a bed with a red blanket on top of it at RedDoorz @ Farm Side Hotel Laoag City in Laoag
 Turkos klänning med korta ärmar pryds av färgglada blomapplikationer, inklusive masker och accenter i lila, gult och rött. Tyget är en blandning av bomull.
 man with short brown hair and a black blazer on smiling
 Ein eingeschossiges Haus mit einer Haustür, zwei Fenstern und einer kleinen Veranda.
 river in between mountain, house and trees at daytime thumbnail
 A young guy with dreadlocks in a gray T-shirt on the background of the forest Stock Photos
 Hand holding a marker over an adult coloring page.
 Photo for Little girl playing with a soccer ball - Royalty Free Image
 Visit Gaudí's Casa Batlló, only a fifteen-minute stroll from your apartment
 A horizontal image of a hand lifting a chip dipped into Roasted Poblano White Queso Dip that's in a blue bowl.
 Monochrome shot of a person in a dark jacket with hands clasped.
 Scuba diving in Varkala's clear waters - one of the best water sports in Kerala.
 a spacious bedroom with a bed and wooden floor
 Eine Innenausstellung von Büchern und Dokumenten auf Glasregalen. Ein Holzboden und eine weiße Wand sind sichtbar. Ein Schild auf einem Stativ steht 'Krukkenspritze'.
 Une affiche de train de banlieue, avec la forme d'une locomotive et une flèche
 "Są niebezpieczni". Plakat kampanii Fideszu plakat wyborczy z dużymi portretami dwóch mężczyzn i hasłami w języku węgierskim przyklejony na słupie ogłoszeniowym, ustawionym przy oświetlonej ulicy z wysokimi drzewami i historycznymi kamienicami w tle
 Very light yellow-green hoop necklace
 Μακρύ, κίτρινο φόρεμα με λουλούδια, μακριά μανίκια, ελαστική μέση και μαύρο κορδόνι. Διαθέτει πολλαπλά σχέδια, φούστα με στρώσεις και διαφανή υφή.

┄┄┄┄┄┄┄┄┄┄

Return all lines of the material above in which the word "with" occurs.

» ANSWER BOX:
a bed with a red blanket on top of it at RedDoorz @ Farm Side Hotel Laoag City in Laoag
 man with short brown hair and a black blazer on smiling
 A young guy with dreadlocks in a gray T-shirt on the background of the forest Stock Photos
 Photo for Little girl playing with a soccer ball - Royalty Free Image
 Monochrome shot of a person in a dark jacket with hands clasped.
 a spacious bedroom with a bed and wooden floor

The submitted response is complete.